We have previously shown that lower fornix shortening is documented either subjectively or semi-objectively by utilising a slit-light beam, the degree of upper forniceal obliteration is seldom quantified.5 Furthermore, we have shown that, at the initial visit to tertiary referral centres, Foster's staging of disease is undertaken in 100% of patients' lower fornix, but only 78% of patients had quantification of forniceal shrinkage. This is probably related to the difficulty in assessing lower fornix depth accurately without the aid of a made-for-purpose tool.6
Measurement of the fornices using devices such as the fornix depth measurer (FDM) has previously been described, but their design restricts accurate upper fornix measurements.7 8 Specifically, the depth and curvature of the upper fornix dictates that the ideal FDM must be sufficiently long and curved to enable comfortable and accurate assessment of it. We previously used in routine clinical practice an FDM based on that designed by Schwab et al,7 but its design was suboptimal (figure 1). In 2004, a modification of the Schwab FDM was designed at Moorfields Eye Hospital for a clinical trial9 and is currently being used in an epidemiological study. In 2007, we wanted to redesign and evaluate a bespoke comfortable prototype that could provide an accurate tool for improving forniceal sac documentation in the outpatient clinic setting, with potential for wider-scale commercial manufacture. In this study we describe this custom-designed FDM constructed specifically to facilitate evaluation of the depth of the upper conjunctival fornix, and we assess intraobserver and interobserver variability in gauging the extent of the upper and lower fornices by validating the FDM and comparing it with subjective assessment of fornix shrinkage.
Materials and methods
Design of a bespoke FDM
A polymethylmethacrylate FDM was designed using industry-standard jewellery computer software (CAD V5, 3Design, Brussieu, France, 2007). The virtual model was then exported as an. STL file into a program to set the cutting parameters for the milling machine (Modela Player V4; Roland DG, Shizuoka, Japan, 2002) (figure 2A). The virtual model was cut with a machine to a precision of 2 μm/step, and increments were expressed at 2 mm intervals at both ends of the FDM: the main ‘body’ and the ‘handle’. This design feature enables measurement of the fornix in the context of multiple symblephara, which could potentially hinder the smooth passage of the FDM to the limits of the conjunctival sac. The FDM measured 25 mm × 5 mm and was moulded to a biconcave shape to ensure ease of insertion and comfort (figures 1C and 2B).
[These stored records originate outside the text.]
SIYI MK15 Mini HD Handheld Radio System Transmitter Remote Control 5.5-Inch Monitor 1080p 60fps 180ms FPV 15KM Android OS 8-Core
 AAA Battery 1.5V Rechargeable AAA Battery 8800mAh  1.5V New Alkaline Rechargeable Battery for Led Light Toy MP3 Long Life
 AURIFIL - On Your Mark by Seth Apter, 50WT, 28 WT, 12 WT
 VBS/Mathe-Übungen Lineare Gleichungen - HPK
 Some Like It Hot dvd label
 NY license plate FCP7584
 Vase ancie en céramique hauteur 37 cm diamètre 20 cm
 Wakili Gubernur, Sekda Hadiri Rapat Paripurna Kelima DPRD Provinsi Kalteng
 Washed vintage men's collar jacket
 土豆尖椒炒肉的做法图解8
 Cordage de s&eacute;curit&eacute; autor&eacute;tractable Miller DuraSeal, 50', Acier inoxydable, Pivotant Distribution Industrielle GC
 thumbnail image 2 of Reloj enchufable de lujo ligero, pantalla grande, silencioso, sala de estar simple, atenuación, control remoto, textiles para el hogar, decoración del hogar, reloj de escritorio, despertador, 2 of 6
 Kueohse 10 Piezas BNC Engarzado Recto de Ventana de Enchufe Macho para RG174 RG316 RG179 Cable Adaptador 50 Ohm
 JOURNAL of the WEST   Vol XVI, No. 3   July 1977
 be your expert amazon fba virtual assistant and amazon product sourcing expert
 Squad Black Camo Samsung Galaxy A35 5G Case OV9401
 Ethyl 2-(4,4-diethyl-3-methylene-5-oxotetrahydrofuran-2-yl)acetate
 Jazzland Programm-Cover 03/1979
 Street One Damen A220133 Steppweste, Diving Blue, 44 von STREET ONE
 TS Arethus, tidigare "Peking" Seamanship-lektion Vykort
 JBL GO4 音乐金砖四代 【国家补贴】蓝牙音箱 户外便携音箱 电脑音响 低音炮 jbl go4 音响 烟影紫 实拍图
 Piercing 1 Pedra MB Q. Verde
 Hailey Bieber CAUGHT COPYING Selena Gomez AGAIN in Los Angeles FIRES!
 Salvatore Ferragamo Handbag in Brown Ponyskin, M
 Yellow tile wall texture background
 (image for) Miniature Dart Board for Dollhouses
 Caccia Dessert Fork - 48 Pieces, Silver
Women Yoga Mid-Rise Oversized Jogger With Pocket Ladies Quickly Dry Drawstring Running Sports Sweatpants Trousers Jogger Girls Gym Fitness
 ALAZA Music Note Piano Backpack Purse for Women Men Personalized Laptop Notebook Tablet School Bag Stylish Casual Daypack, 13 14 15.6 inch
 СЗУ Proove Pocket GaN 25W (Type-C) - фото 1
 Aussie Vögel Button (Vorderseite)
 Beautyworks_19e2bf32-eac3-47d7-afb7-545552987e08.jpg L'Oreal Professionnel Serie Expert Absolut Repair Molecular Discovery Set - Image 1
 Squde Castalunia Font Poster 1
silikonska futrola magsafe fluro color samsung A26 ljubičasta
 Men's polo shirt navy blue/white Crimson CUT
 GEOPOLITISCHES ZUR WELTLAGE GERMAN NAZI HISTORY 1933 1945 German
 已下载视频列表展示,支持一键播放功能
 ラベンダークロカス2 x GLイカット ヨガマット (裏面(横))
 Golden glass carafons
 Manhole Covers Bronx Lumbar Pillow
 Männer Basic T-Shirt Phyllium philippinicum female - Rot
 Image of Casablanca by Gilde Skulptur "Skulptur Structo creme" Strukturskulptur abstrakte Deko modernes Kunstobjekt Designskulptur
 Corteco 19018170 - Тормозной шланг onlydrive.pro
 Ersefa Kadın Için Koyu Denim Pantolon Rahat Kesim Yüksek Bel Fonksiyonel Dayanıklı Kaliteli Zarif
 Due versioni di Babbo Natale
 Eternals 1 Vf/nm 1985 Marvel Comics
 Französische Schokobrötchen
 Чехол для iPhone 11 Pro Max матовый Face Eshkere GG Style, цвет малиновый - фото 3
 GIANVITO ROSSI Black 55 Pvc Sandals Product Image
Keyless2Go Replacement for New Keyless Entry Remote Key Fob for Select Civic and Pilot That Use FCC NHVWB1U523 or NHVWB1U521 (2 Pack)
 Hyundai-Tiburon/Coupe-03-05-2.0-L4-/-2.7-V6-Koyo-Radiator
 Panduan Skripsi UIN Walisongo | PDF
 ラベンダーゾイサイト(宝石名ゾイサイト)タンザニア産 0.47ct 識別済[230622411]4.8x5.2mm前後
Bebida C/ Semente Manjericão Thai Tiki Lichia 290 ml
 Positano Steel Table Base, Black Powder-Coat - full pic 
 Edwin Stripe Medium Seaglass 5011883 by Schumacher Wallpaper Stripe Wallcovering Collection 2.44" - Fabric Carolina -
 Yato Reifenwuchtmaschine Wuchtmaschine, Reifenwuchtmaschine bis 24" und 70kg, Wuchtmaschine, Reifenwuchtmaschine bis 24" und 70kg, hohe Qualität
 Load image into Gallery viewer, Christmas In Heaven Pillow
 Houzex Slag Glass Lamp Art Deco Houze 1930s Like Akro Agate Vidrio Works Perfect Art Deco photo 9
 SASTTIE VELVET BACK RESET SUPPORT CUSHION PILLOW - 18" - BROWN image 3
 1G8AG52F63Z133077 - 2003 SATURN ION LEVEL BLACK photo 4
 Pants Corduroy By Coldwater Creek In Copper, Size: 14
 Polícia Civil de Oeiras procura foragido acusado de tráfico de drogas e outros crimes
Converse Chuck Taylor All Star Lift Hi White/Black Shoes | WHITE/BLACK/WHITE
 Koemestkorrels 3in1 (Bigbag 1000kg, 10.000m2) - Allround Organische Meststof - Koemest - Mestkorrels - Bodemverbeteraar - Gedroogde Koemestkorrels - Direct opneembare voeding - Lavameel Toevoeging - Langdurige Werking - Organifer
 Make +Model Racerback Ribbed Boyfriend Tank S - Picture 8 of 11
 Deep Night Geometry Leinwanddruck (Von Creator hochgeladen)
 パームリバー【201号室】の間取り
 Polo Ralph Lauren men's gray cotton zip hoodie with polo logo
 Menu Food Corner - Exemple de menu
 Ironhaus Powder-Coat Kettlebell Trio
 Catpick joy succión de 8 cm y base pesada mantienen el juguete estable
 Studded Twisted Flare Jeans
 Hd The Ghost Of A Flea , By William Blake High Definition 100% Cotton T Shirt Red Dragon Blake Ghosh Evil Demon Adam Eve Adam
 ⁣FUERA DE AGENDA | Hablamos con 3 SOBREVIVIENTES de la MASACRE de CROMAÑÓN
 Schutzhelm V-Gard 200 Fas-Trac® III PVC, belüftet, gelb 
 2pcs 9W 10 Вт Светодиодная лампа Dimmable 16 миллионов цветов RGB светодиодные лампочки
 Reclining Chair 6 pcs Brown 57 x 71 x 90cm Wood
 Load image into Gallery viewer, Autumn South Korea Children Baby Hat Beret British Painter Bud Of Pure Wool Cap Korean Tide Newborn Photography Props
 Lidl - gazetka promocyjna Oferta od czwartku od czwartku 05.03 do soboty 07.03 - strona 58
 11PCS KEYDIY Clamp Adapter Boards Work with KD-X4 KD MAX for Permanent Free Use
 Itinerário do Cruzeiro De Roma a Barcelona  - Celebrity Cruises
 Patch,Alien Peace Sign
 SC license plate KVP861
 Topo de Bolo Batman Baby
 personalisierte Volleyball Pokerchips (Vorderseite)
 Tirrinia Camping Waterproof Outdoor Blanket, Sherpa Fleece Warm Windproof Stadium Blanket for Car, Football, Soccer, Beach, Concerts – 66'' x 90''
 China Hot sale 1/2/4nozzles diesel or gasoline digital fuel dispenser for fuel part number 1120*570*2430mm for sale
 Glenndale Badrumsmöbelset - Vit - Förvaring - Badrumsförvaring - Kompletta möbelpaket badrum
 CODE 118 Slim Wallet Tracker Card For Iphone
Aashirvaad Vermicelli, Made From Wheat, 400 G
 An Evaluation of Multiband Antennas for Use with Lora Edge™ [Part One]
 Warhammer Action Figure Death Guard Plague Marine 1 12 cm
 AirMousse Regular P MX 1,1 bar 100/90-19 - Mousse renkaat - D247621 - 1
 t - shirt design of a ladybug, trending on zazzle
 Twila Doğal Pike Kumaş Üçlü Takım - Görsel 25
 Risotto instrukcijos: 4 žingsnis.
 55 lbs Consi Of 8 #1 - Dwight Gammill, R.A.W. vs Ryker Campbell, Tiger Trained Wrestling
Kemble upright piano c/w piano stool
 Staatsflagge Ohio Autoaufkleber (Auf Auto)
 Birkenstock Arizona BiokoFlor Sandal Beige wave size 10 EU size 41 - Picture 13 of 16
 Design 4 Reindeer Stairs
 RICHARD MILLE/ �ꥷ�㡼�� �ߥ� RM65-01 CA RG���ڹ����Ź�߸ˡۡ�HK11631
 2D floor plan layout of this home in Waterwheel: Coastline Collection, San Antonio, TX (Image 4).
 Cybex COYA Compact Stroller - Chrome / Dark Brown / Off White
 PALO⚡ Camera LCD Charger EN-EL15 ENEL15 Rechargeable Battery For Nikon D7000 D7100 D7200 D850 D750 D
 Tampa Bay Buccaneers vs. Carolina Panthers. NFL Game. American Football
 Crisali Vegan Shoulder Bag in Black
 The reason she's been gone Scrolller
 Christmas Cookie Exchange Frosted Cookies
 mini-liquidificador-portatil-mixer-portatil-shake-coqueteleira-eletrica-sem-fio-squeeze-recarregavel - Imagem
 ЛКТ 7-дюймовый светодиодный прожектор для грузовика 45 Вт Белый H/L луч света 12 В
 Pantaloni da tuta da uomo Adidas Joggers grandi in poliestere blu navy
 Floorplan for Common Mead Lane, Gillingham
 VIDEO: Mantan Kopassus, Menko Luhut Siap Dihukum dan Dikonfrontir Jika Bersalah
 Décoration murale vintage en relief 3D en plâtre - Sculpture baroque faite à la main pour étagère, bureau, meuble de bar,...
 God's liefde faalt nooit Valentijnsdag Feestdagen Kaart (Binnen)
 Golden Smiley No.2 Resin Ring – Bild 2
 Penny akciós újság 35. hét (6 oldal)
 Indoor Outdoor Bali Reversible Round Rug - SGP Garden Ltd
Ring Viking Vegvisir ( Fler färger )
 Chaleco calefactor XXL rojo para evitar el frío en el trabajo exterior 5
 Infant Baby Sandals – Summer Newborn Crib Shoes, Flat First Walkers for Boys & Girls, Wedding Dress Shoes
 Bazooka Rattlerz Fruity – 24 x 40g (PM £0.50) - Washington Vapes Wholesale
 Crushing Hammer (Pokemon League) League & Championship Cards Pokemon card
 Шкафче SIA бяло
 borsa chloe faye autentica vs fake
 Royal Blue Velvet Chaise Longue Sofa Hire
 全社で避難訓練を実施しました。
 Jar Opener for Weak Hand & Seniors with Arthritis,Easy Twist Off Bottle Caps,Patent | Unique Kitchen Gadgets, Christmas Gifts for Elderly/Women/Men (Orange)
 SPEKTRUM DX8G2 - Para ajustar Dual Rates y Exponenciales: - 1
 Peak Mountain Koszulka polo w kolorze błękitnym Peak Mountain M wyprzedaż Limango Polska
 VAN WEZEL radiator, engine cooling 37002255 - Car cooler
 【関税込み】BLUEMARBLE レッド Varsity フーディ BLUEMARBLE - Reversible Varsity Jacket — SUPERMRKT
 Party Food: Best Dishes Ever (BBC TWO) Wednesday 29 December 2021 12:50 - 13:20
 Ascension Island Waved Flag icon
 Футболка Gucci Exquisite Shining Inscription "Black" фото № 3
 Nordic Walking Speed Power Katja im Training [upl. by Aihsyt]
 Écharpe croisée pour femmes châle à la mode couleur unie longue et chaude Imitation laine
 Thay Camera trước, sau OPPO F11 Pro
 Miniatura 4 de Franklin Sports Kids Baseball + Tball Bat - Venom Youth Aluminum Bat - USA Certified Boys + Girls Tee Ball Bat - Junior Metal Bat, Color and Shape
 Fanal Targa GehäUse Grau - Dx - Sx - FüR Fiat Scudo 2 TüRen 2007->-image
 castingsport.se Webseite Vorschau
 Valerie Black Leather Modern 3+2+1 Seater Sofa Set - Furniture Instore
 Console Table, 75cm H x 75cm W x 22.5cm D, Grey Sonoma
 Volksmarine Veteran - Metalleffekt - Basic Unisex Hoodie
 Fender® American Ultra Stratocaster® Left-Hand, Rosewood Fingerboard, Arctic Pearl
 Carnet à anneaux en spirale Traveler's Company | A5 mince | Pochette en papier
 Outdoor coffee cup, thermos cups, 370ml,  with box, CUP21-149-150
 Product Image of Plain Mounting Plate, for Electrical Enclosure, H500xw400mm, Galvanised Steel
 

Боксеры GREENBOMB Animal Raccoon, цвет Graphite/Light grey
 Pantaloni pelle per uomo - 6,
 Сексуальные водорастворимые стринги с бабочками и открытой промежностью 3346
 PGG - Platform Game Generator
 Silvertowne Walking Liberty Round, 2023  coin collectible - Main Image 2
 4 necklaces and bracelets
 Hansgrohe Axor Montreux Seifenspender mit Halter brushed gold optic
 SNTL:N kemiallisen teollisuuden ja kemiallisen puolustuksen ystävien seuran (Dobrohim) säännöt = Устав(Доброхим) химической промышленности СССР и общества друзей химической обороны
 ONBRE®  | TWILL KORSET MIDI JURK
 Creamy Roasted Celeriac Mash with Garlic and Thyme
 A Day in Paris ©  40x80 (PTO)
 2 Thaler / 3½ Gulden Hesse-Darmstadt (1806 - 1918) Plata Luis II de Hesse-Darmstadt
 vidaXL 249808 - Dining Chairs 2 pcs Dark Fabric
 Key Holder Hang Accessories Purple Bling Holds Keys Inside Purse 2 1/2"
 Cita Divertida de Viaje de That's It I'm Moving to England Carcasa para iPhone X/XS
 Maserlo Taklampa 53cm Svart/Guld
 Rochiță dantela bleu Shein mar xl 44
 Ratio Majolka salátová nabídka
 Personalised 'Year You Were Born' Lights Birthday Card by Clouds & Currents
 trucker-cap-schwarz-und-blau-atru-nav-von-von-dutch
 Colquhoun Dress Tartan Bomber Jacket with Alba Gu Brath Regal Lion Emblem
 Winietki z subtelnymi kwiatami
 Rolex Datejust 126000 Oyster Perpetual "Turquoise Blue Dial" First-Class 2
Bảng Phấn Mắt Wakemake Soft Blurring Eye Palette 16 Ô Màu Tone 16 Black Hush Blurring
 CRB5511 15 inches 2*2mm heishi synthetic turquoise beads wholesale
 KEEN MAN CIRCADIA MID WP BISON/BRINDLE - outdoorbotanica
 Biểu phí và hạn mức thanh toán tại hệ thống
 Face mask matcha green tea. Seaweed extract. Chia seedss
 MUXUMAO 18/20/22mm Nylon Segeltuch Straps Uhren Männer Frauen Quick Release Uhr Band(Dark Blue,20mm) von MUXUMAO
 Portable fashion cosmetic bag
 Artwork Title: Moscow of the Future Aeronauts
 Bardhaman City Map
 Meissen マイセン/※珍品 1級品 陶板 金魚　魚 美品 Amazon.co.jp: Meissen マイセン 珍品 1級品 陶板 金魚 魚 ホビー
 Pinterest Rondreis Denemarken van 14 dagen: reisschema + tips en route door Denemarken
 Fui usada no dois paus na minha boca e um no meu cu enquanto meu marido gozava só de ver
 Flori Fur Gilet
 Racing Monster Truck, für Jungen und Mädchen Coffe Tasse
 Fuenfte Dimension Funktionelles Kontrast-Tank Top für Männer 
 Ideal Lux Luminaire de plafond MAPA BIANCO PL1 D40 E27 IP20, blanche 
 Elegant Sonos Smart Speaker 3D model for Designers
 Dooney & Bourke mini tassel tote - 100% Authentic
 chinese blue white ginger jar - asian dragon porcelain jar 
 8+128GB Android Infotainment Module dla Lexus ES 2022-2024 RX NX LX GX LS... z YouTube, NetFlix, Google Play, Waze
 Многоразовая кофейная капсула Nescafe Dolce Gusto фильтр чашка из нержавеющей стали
An evaluation of the bespoke FDM was undertaken through a prospective, masked, independent assessment of central lower fornix depth by two observers (GPW, TS), following the Tenets of the Declaration of Helsinki. This was undertaken as a service evaluation at the Birmingham and Midland Eye Centre (BMEC). The validation of the FDM was conducted on a heterogeneous group of patients comprising clinically normal and abnormal conjunctival fornices presenting to BMEC. This heterogeneity enabled a wide range of fornix depths to be tested with the bespoke FDM.
The cohort consisted of 51 eyes of 26 patients with a median age of 64 years (range 42–100), of whom 65% (17/26; 33/51 eyes) had an identifiable cause of cicatrising conjunctivitis (OcMMP, 10; dry eyes, five (including three with Sjögren's syndrome); Stevens–Johnson syndrome, two) and 35% (18/51) had no evidence of conjunctival scarring (age-related macular degeneration, four; uveitis, three; peripheral ulcerative sclerokeratitis, two).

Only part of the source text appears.